Material for the task:
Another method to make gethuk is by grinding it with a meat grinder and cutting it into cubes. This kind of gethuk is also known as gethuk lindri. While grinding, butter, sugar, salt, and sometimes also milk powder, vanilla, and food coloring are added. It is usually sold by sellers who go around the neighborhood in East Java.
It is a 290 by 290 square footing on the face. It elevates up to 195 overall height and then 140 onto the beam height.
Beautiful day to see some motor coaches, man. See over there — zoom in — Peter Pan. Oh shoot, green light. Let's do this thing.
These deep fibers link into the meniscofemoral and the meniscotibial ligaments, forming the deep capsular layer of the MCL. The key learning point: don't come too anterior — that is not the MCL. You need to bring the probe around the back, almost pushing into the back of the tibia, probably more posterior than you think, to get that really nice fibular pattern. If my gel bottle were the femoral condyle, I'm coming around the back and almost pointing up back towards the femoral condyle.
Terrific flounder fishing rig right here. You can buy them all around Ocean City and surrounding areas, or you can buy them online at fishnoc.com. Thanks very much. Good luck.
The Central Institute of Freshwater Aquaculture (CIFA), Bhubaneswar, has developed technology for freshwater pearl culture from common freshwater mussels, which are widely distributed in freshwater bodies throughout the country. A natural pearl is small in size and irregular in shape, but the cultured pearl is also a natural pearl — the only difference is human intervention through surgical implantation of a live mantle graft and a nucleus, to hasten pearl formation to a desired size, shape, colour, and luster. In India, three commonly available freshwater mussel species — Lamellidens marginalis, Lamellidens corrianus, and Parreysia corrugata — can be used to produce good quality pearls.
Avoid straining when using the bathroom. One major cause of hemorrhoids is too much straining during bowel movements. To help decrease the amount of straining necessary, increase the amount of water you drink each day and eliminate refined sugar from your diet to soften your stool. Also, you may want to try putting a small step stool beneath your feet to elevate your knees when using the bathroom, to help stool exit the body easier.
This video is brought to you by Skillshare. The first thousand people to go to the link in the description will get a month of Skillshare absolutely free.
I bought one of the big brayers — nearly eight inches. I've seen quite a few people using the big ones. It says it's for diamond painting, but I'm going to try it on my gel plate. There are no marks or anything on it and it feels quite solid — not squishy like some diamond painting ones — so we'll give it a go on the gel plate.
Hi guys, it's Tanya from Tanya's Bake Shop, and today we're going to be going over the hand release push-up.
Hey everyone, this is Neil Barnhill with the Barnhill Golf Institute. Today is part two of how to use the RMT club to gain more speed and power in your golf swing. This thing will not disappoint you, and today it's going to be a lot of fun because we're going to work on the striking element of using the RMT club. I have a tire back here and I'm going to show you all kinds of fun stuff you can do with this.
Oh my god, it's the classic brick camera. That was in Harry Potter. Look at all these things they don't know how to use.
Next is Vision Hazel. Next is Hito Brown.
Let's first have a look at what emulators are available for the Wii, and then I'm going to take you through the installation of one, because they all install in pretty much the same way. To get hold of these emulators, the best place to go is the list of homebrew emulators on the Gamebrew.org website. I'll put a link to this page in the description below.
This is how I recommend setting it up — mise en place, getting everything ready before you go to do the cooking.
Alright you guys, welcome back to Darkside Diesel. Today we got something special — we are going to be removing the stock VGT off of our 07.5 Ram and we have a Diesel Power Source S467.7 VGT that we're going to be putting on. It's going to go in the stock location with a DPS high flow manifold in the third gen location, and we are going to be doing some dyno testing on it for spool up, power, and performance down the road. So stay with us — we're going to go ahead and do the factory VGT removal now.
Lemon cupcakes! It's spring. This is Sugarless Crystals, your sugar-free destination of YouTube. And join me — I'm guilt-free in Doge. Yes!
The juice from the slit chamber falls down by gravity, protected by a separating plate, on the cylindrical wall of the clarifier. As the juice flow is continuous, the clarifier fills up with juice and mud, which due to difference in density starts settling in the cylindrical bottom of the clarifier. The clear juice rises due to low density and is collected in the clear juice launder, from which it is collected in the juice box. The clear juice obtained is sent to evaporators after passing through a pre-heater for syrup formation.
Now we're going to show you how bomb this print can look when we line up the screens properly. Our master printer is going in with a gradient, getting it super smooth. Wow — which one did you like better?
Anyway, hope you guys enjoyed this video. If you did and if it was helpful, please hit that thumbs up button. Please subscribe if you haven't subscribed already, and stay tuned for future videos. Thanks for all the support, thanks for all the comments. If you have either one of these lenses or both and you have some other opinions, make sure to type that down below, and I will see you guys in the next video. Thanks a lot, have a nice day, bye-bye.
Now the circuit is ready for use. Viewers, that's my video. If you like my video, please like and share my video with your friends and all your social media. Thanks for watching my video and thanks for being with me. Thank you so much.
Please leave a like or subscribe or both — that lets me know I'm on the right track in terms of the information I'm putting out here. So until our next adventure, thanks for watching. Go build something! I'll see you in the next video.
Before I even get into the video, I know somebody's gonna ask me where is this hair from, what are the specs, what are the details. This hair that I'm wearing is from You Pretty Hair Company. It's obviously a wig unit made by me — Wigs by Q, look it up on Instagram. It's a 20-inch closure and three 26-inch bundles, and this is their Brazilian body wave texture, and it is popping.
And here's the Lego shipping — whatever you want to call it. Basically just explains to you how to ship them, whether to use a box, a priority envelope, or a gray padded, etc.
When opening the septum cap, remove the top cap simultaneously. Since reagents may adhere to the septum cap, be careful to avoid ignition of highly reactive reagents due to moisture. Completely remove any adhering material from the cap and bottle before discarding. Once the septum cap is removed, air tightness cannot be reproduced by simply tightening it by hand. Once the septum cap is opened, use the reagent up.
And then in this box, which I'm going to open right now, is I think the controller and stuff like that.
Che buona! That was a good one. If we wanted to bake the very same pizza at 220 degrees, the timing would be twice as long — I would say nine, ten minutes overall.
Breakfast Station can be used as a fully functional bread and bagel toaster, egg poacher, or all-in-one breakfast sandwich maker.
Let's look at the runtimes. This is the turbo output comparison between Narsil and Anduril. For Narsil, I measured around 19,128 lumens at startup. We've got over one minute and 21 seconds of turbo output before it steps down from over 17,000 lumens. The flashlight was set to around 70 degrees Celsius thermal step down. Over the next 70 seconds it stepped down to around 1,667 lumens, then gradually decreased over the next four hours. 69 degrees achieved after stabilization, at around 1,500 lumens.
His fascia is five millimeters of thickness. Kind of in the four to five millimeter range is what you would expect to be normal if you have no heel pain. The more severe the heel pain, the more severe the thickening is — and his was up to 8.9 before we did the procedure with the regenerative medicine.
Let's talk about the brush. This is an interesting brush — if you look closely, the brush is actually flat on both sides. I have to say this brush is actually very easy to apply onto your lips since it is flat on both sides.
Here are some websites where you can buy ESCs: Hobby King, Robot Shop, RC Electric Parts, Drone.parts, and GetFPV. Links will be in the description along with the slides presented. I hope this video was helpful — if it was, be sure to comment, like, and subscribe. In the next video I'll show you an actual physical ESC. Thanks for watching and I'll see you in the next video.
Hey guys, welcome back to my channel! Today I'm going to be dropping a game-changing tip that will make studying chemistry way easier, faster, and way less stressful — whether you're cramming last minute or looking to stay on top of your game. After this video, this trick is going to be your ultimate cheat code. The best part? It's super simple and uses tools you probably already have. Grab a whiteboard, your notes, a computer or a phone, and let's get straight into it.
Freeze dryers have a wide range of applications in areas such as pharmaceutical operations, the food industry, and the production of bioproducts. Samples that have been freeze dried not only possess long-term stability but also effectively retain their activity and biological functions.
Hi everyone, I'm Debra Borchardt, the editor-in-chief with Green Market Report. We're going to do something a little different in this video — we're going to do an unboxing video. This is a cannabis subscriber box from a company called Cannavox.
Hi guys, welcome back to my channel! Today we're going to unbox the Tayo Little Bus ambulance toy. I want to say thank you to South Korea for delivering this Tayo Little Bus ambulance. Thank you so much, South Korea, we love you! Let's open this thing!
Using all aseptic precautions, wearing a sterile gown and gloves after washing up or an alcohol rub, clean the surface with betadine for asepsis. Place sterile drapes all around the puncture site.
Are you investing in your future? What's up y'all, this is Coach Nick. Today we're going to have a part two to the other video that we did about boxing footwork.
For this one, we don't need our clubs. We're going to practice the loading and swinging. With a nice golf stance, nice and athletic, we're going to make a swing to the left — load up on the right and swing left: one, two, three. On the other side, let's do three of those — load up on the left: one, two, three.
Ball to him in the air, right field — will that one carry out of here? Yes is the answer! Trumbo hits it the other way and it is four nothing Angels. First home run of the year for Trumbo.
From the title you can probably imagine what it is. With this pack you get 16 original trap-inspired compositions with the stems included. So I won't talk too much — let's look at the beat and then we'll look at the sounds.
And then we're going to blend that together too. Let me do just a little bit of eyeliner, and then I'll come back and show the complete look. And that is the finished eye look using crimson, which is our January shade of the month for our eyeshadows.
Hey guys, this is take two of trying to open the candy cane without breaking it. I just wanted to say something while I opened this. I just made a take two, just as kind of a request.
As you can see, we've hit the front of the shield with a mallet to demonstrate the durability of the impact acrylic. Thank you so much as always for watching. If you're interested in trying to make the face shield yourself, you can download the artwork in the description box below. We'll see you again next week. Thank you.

Work to be completed:
In the listing above, show every line with the word "about".

Answer section:
Let's talk about the brush. This is an interesting brush — if you look closely, the brush is actually flat on both sides. I have to say this brush is actually very easy to apply onto your lips since it is flat on both sides.
Are you investing in your future? What's up y'all, this is Coach Nick. Today we're going to have a part two to the other video that we did about boxing footwork.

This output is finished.